Twitter makes current events easier to follow with Moments

With new CEO Jack Dorsey at the helm, Twitter is rebooting.

twitter moments
Credit: Twitter

After months of floundering to find a new CEO and shore up its user base, Twitter is having the best week ever. First, the publishing platform confirmed that cofounder Jack Dorsey is retaking the helm as CEO of the company he created. Now Twitter is officially rolling out a feature that will make it much easier for people to find the best and most important tweets of the day without having to hunt for them.

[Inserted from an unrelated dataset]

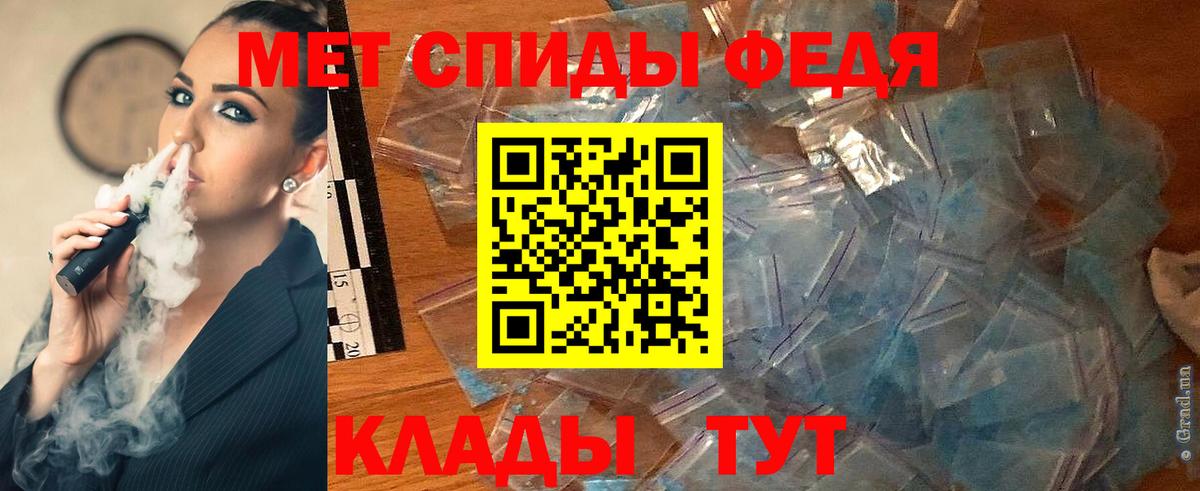 Первитин Декстрометамфетамин 99.9% Сорочинск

The new tool is called Moments, and it will be easily accessible in a new tab on Twitter for iOS, Android, and the web. Rolling out today for U.S. Twitter users, Moments will offer a curated list of current events in a variety of categories—news, sports, entertainment, etc.—and let you tap through to see more information about the moment and the most relevant tweets about it. Those tweets can be text only, or they can include GIFs, videos, photos, and Vines. Each Moment will include about a dozen tweets to swipe through so you can stay on top of the day’s most important events. If you don’t see the tab, marked with a lightning bolt, right away, don’t worry: It’s coming.

Perhaps most importantly, you can follow a Moment to see tweets about the event in your main feed, removing the work of hunting for and following people who are tweeting about an event and then unfollowing them when the moment passes. You can share a moment with a tweet, or embed it on the web, just like you can retweet and embed normal tweets.

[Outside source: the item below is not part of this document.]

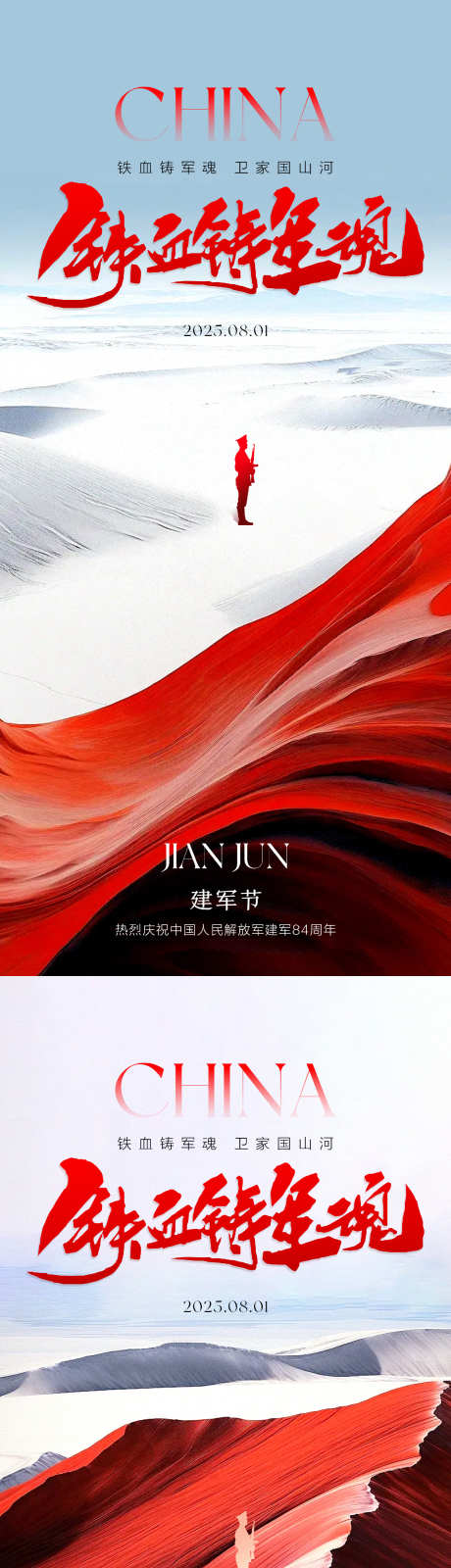 建军节海报_源文件下载_PSD格式_1430X6192像素-军人,军魂,守卫-作品编号:2025070708525784-志设-zs9.com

Twitter is curating the list of Moments to start, but has also partnered with Bleacher Report, Buzzfeed, Entertainment Weekly, Fox News, Getty Images, Mashable, MLB, NASA, New York Times, Vogue and the Washington Post, who will all contribute their own Moments. According to the New York Times, Twitter will eventually let all users curate Moments.

Unlike your main Twitter stream, Moments will be ad-free—at least for now.

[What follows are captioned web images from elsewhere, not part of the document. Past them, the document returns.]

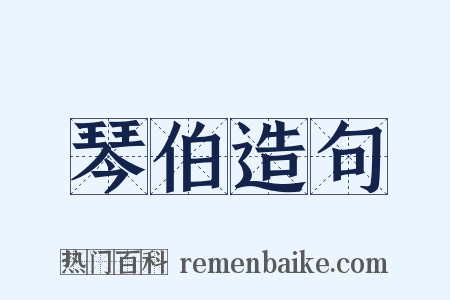 琴伯造句是什么意思的图片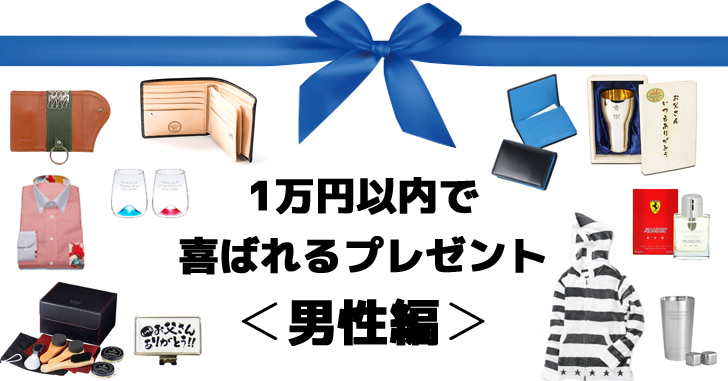 1万円以内で喜ばれるプレゼント＜男性編＞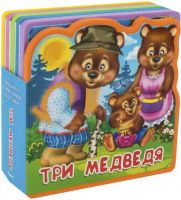 Омега 03622-1 Книжка с мягкими пазлами Три медведя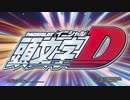 【予告】パチスロ　頭文字D　スペシャルムービー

“We will feature tweets in Moments and select Moments based on what best serves our audience, and not to benefit advertisers, partners, or Twitter’s business interests,” the company outlines in its Moments curation policy. “We will generally avoid creating Moments that cover our own industry, our company, or our competitors.”

The story behind the story: Moments will make Twitter super simple to use for newcomers who aren’t familiar with the network or are unsure of who to follow and why. Even if you don’t follow a single person, Moments will make Twitter accessible to you, which is what the network desperately needs to grow. And the ability to follow Moments without following a slew of users—thereby forever cluttering your home Timeline—also makes the feature useful for Twitter’s power users.

Twitter needs a shot in the arm. Its growth has stalled at around 316 million monthly active users. Many people have already tried the service since it launched in 2006 and found it confusing. New CEO Dorsey has his work cut out for him, but Moments is a huge leap in the right direction.